How ISO 19030 has been developed

The process towards developing the ISO19030 started when the Environmental NGO Bellona Foundation and Jotun A/S had informal discussions on how to improve energy efficiency within the maritime sector. Bellona Foundation looked for a robust and verifiable way to reduce CO2 emissions, whereas Jotun A/S saw the need for a more transparent approach to verify a myriad of performance claims on hull and propeller maintenance.

A series of workshops held in accordance with Chatham House Rules involved a steadily increasing number of stakeholders and paved the way for a common understanding among performance monitoring companies, measurement manufacturers, ship maintenance system providers, classification societies, shipbuilders and ship-owners and their associations. Bellona Foundation and Jotun subsequently held a side-event at IMO-MEPC meetings and presented the embryo for a reliable and transparent hull and performance standard at several maritime conferences.

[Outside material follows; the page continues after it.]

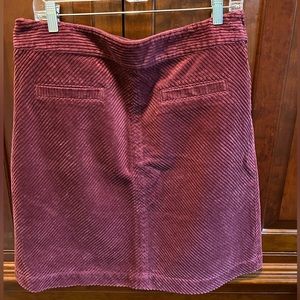 NWT TALBOTS CORDUROY SKIRT!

Work on the ISO-Standard was initiated in June 2013 when Working Group 7 under SC2 TC8 was formed. Svend Søyland from Nordic Energy Research serves as the Convener of the working group and Geir Axel Oftedahl from Jotun has the role as Project Manager. A series of Working Group meetings were held; Oslo (June 2013), Tokyo (November 2013), Hamburg (July 2014), Pusan (November 2014), San Ramon (February 2015) and Copenhagen (September 2015). More than 50 experts and observers, representing ship owners, shipping associations, new build yards, coatings manufacturers, performance monitoring companies, academic institutions, class societies and NGOS participated in the ISO working group that reached consensus on ISO 19030 standard (Ziarati et al, MariFuture, Development Papers, 2018-2019).